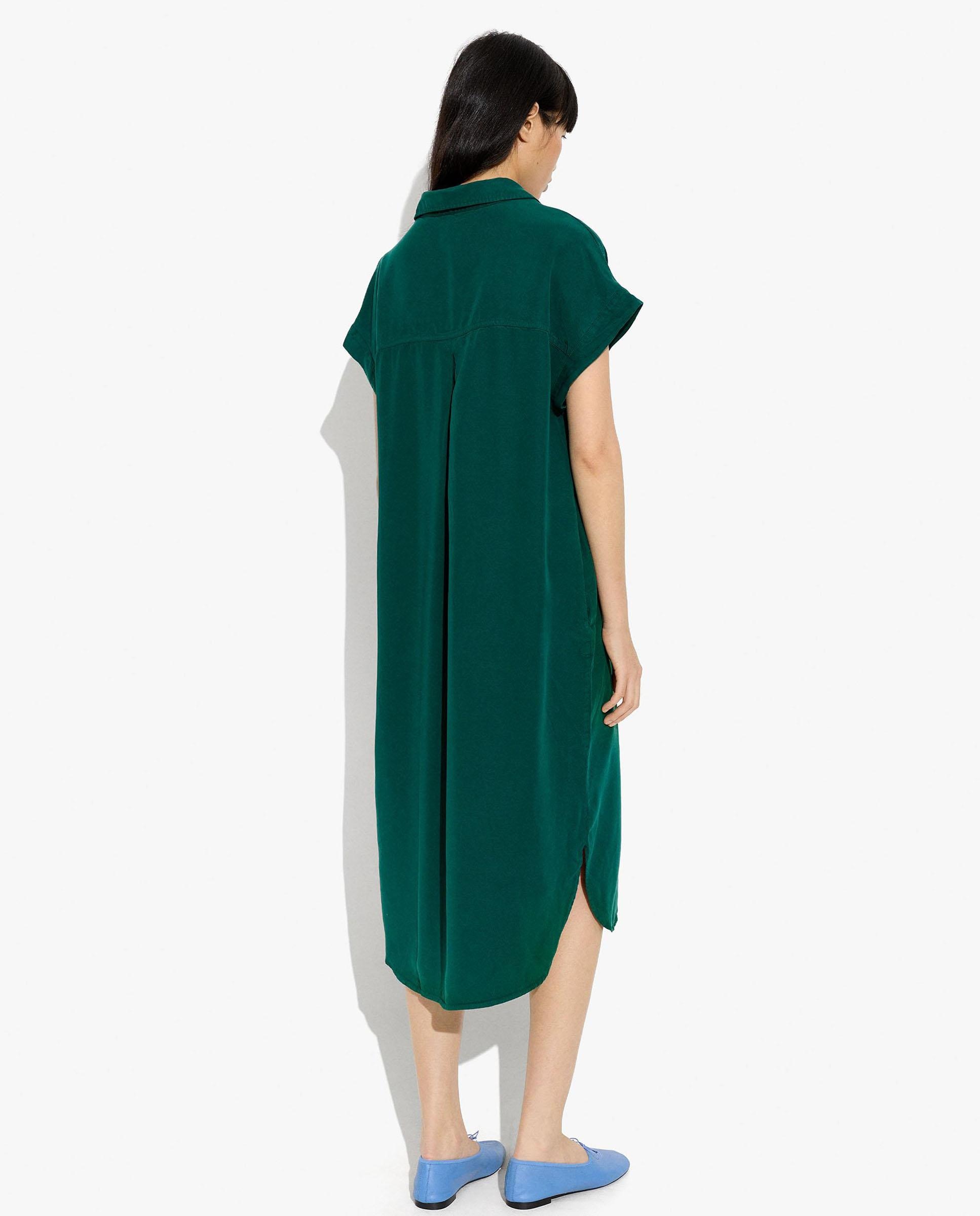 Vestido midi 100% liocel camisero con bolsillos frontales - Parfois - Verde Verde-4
■ ■ ■ ■
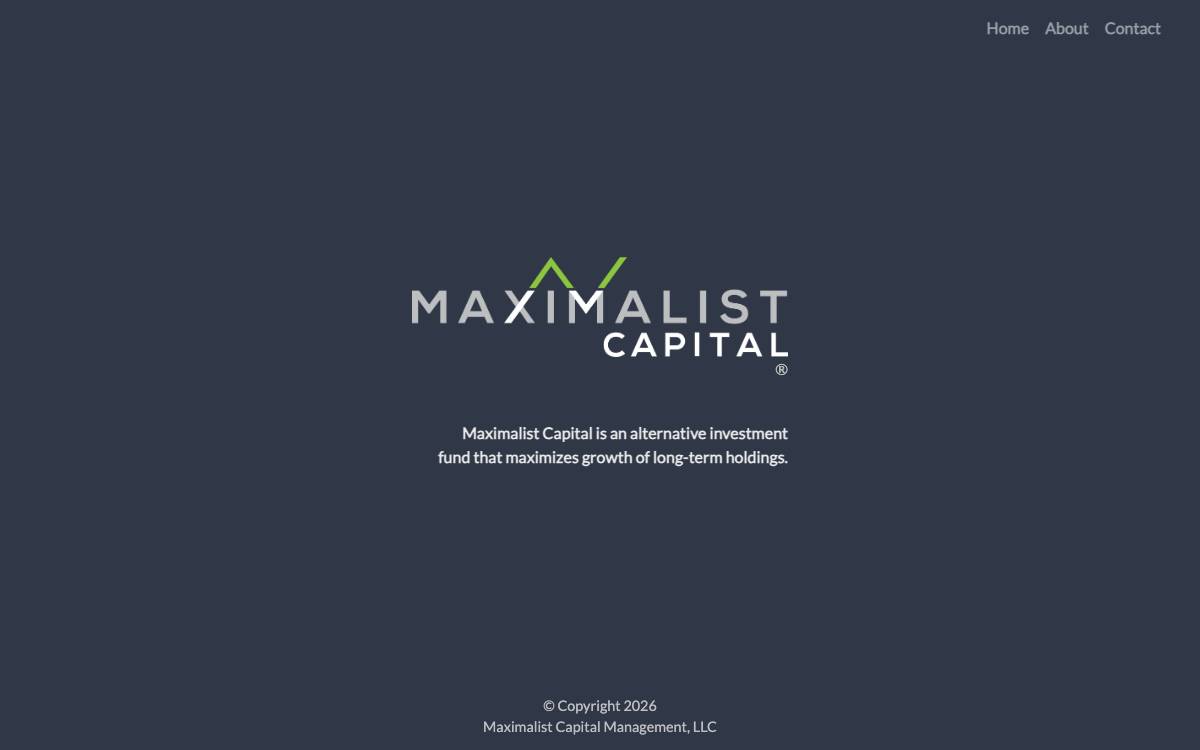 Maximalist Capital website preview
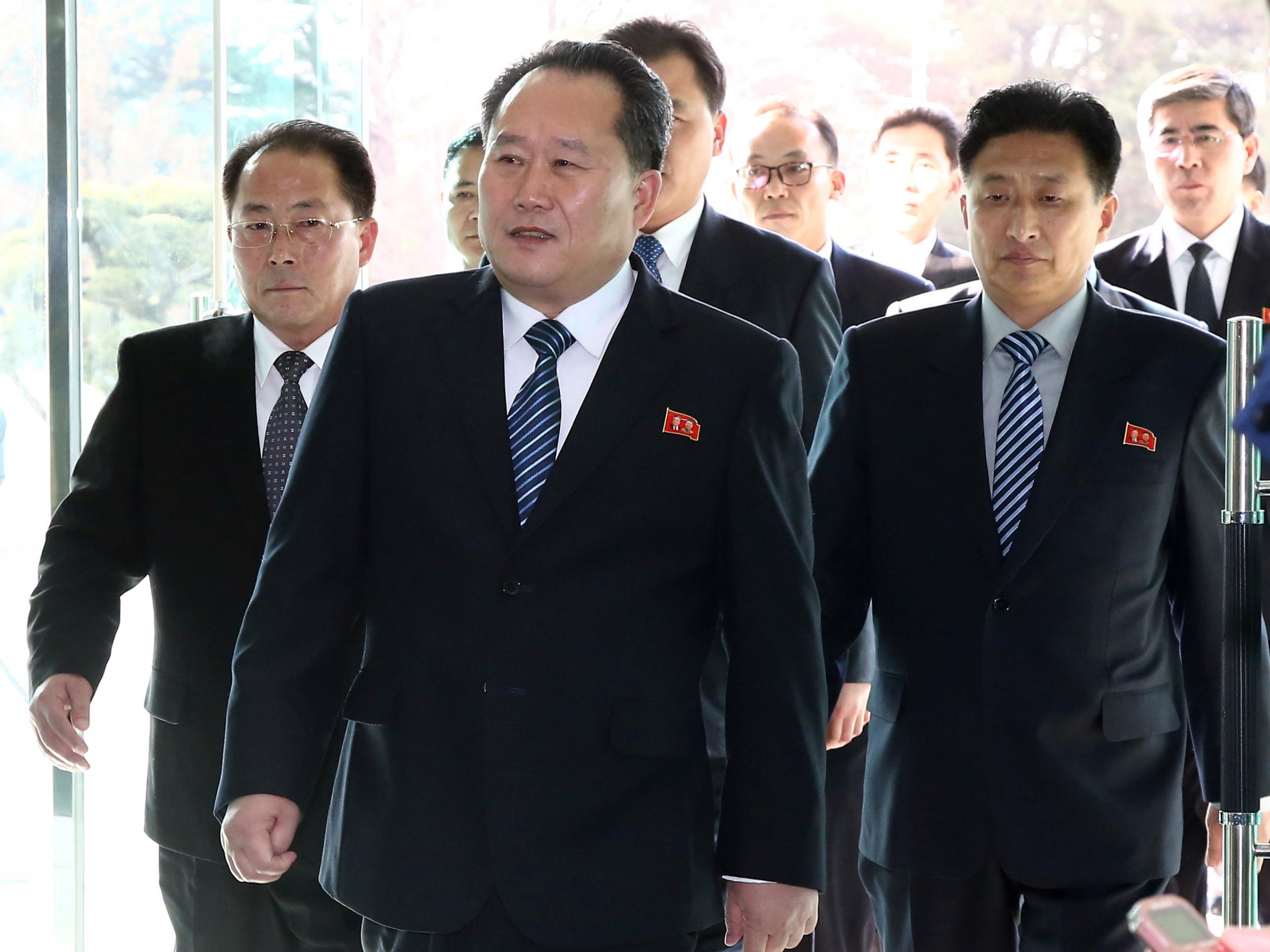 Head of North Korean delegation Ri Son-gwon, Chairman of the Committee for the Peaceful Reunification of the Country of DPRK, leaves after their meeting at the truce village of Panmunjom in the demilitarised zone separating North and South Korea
■ ■ ■ ■
* _WHAT TO WORK ON_
An exact copy of the lines above from the one with "Maximalist Capital website preview" up to and including the one with "Head of North" is required; reproduce only those lines, omitting all pictures.

* _ANSWER BELOW_
 Maximalist Capital website preview
 Head of North Korean delegation Ri Son-gwon, Chairman of the Committee for the Peaceful Reunification of the Country of DPRK, leaves after their meeting at the truce village of Panmunjom in the demilitarised zone separating North and South Korea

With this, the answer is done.